Confessions of a Lower League Legend

Last updated : 14 October 2008 By Tony Scholes
It's all in a new book to be published next Monday, Peter Swan's autobiography entitled 'Swanny - Confessions of a Lower League Legend'. He writes of snubbing the Clarets to play lower league football for more money and how that move led to him having a difficult year at a club where he is still considered to be the most hated former player ever.

It was the summer of 1994. Burnley had just won promotion via the play offs and Jimmy Mullen was looking for a replacement for John Pender to partner Steve Davis in the centre half. We signed Mark Winstanley, but unknown to most of us we had just about wrapped up a deal for Swan, then with Port Vale.

Then Plymouth Argyle boss Peter Shilton, who had seen Burnley set sail for Wembley after beating his team in the play offs, made a move for him. Swan takes up the story at a time when his wife was six weeks away from having their first baby.

"Swan writes: "Even though I was more or less committed to Burnley, we decided I'd speak to Shilts. I'd ask for a £70,000 signing on fee and more than Burnley were offering. He'd obviously say no, but at least he couldn't claim I'd snubbed him.

"He rang the following morning. I told him what I wanted. 'Give me a couple of minutes,' he said. 'I'll ring you back'. Five minutes later he called and said 'OK, we'll do that.'

"I thought F****** hell, what have I done?

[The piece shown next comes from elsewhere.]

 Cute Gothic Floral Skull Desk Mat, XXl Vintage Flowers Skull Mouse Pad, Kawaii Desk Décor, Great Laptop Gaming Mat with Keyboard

I looked at the missus and said 'Sorry love, we'll have to go."

With that sort of beginning, at a level of football lower than he would have played at Burnley, things were never going to go swimmingly, particularly when he didn't want to be there in the first place.

Argyle made a disastrous start to the new season, and it ended in relegation for them, and it didn't take Swan long to decide he wanted out. He continues: "It didn't take long before news leaked out that I wanted out. The story made banner headlines in the local press.

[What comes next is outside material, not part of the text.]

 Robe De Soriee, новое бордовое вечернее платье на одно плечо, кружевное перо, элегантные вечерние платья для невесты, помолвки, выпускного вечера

"When it broke, I was asked to do a television interview. One of the first questions was 'If you're so desperate to leave, why did you come to Plymouth in the first place?' 'For the money'. It was an honest answer and I knew it would upset people.

"I hoped it would give me an excuse to push harder for a move. Straightaway, the whole town seemed to be in uproar and I was public enemy number one."

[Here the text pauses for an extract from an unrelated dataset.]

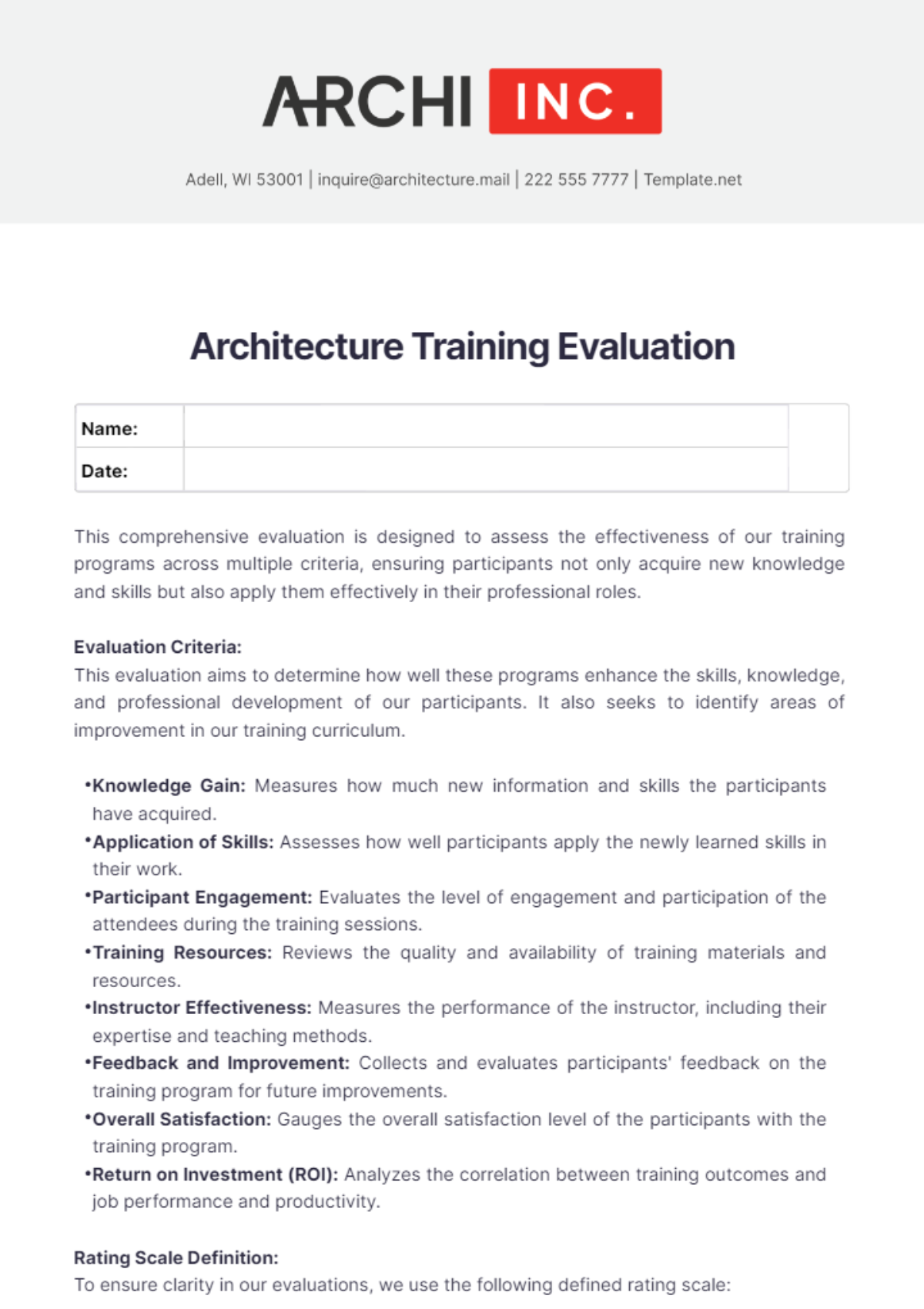 Free Architecture Training Evaluation Template to Edit Online Free Architecture Training Evaluation Template to Edit Online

He continues of his time at Plymouth, how he head butted striker Kevin Nugent at the Christmas party which led to a car park scrap that left him with a fat lip.

He describes manager Shilton as 'pretty naïve' when it came to tactics and admitted that Shilton's replacement Neil Warnock did all he could to get him to stay but his mind was made up.

He admitted: "I became totally disruptive, like a big kid. If we were doing hurdles for speed training, I'd run through them instead of jumping over them. I kicked people up in the air in practice matches, took shots at goal from inside my own half, anything to annoy Warnock."

He became involved in a dispute with them over his signing on fee but once that was resolved he jumped ship and did what he'd intended doing a year earlier and signed for Jimmy Mullen at Burnley.

"It felt as though I had just got out of jail," Swan reports.

The book contains stories from his sixteen year career with seven different league clubs and his friendship with Robbie Williams.